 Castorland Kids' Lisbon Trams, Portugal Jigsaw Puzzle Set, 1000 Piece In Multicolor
---
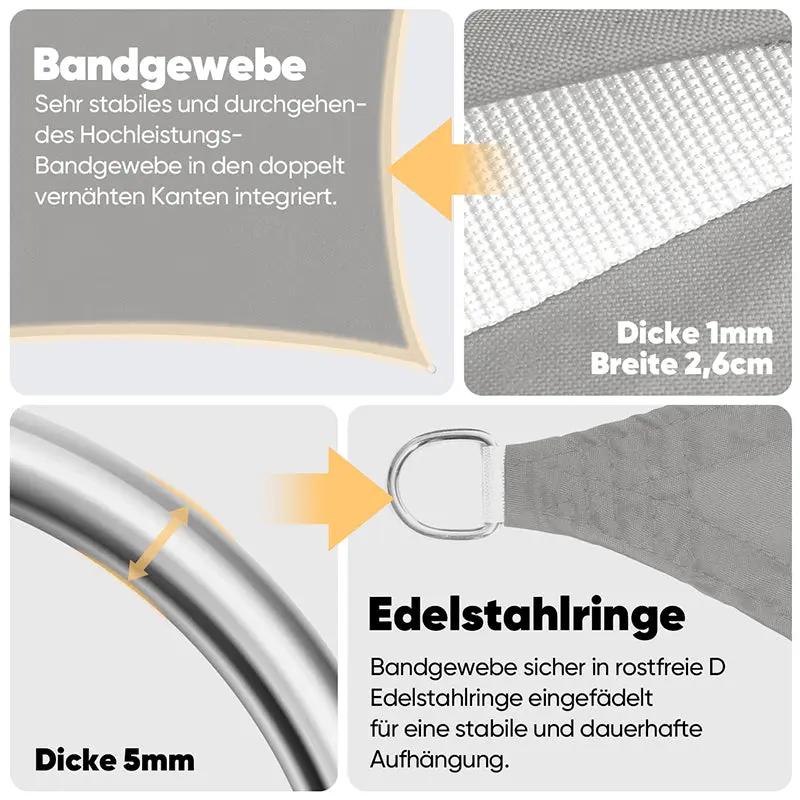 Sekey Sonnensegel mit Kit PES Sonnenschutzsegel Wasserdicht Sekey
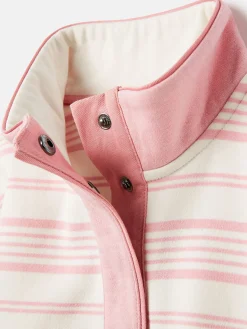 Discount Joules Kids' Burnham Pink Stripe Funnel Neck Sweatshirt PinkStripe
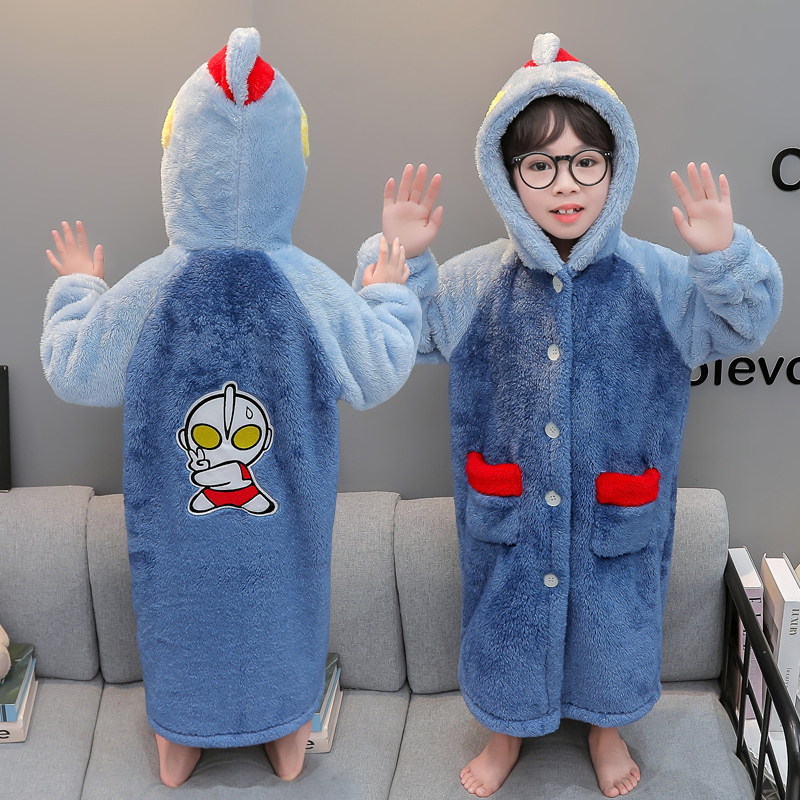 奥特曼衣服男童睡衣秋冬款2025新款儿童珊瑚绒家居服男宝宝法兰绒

**Work instructions**
Exact copy, pictures excluded: from the line with "Sekey Sonnensegel mit" up to and including the line with "奥特曼衣服男童睡衣秋冬款2025新款儿童珊瑚绒家居服男宝宝法兰绒" in the data above.

**Answer for this exercise**
 Sekey Sonnensegel mit Kit PES Sonnenschutzsegel Wasserdicht Sekey
 Discount Joules Kids' Burnham Pink Stripe Funnel Neck Sweatshirt PinkStripe
 奥特曼衣服男童睡衣秋冬款2025新款儿童珊瑚绒家居服男宝宝法兰绒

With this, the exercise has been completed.